Take the two together (the unemployed and part-time seeking full-time) and Gallup’s underemployment number increased to 19.1 percent in February from 18.7 percent in January.
This is an improvement from the 19.9 percent seen in February 2011. But how did Gallup gets these results and how do they stack up next to the Government's stats (oh, also, keep in mind the regular caveats that go along with these type of surveys and their results)?
Jacobe explains [emphases added]:
In mid-February, Gallup reported that its U.S. unemployment rate had increased to 9.0 percent from 8.3 percent in mid-January. The mid-month reading normally provides a relatively good estimate of the government's unadjusted unemployment rate for the month.
Assuming the government's unadjusted rate increases -- from its 8.8 percent in January -- to at least match Gallup's mid-month measurement for February, then the government should also report an increase in the seasonally adjusted unemployment rate for February. If the government's unadjusted unemployment rate increases to the degree that Gallup's has from mid-month to mid-month, then the government's seasonally adjusted unemployment rate could show an even larger increase.

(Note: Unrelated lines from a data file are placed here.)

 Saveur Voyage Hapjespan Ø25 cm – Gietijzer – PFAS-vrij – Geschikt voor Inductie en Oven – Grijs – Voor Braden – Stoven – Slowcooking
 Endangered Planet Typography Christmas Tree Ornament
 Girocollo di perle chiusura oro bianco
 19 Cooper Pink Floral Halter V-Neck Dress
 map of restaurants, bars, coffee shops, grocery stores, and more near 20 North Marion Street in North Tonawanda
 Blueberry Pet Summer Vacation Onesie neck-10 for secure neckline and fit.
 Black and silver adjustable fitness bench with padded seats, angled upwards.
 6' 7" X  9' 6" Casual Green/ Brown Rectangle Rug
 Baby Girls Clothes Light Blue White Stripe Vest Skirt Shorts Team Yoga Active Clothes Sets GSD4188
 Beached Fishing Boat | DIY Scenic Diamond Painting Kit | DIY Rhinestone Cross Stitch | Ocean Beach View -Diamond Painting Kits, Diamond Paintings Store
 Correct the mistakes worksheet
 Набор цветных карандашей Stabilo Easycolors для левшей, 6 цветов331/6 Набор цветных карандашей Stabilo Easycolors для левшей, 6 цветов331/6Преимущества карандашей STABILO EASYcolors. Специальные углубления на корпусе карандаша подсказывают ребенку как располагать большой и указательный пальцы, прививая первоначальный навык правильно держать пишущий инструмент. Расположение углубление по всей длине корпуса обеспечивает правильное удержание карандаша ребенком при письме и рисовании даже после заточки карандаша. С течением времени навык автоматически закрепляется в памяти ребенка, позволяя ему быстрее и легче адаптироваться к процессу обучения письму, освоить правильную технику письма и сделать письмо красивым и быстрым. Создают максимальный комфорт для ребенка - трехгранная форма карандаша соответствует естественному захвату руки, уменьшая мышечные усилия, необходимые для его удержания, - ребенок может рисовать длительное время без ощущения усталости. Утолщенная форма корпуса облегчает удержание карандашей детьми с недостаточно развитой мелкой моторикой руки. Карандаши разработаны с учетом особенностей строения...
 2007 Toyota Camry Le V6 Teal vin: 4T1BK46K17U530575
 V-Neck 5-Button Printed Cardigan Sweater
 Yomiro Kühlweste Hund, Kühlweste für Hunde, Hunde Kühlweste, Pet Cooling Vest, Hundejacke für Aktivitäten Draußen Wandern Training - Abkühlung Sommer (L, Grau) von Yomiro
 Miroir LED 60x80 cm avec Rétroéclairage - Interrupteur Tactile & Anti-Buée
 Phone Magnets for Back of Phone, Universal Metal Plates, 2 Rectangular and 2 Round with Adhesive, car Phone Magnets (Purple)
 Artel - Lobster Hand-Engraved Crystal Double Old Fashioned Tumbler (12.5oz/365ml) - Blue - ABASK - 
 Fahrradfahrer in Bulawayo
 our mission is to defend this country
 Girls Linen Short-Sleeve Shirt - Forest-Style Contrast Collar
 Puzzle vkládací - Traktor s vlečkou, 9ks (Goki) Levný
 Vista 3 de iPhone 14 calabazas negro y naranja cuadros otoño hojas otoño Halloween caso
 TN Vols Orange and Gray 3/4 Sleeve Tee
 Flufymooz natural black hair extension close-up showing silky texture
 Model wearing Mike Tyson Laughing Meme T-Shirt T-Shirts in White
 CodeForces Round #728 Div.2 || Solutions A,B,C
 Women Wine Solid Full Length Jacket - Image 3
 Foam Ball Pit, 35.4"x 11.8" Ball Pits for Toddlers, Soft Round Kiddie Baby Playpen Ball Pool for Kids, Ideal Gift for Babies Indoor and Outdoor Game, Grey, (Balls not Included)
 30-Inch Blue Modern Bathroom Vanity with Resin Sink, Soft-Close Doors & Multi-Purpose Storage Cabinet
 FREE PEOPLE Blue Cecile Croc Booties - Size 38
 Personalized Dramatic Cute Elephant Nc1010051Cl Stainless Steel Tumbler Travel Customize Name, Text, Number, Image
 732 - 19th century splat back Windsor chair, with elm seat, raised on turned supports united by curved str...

The consensus forecast, however, is for no change in the government's unemployment rate. February jobless claims were running at roughly 350,000 during the month, implying a relatively stable unemployment rate. Additionally, Wednesday's ADP report suggesting that private-sector jobs increased by more than 200,000 in February is also somewhat supportive of a stable unemployment rate forecast.
Regardless of what the government reports, Gallup's unemployment and underemployment measures show a substantial deterioration since mid-January. In this context, the increase in unemployment as measured by Gallup may, at least partly, reflect growth in the workforce, as more Americans who had given up looking for work become slightly more optimistic and start looking for work again. So while there may be positive signs, the reality Gallup finds is that more Americans are looking for work now than were doing so just six weeks ago.